Opération militaire pour sécuriser le désert irakien

Pour Hicham al-Hachemi, expert en sécurité, les forces de sécurité cherchent à chasser environ un millier de combattants djihadistes des régions désertiques qui entourent Baïji, Rawah et Tharthar.
Photo: Stringer Agence France-Presse Pour Hicham al-Hachemi, expert en sécurité, les forces de sécurité cherchent à chasser environ un millier de combattants djihadistes des régions désertiques qui entourent Baïji, Rawah et Tharthar.

L’armée irakienne a annoncé dimanche le lancement d’une nouvelle opération pour sécuriser le vaste désert de l’ouest du pays, frontalier avec la Syrie, par crainte du réveil de cellules djihadistes qui utilisent la zone pour se regrouper.

L’opération, nommée « Volonté de vaincre », a débuté tôt dans la matinée dimanche et doit permettre de « nettoyer » ce territoire reculé, à cheval sur les provinces de Salaheddine, de Ninive et d’Al-Anbar, est-il indiqué dans un communiqué de l’armée.

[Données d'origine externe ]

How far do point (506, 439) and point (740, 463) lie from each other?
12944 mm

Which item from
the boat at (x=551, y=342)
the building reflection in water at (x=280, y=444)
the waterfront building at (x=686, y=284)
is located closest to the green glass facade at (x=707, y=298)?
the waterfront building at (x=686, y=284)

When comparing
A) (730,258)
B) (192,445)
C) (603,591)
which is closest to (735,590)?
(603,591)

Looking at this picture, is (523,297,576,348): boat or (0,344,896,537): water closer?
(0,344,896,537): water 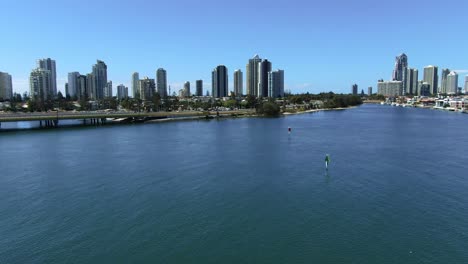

Les forces armées irakiennes, des forces paramilitaires du Hachd al-Chaabi, des groupes tribaux et des avions militaires de la coalition internationale antidjihadiste emmenée par les États-Unis participent à l’opération, selon le communiqué.

Le groupe EI toujours présent

« Il y a des poches de combattants de Daech dans le nord-ouest, l’ouest et le sud-ouest de la province de Salaheddine », a indiqué à l’AFP un responsable du commandement militaire de la province, utilisant un acronyme arabe du groupe armé État islamique (EI).

« Daech est toujours présent dans ces zones et les opérations continueront jusqu’à ce qu’elles soient nettoyées », a-t-il ajouté.

L’Irak s’est déclaré vainqueur du groupe EI fin 2017, quelques mois après avoir chassé les djihadistes de leur siège installé à Mossoul, capitale de la province de Ninive.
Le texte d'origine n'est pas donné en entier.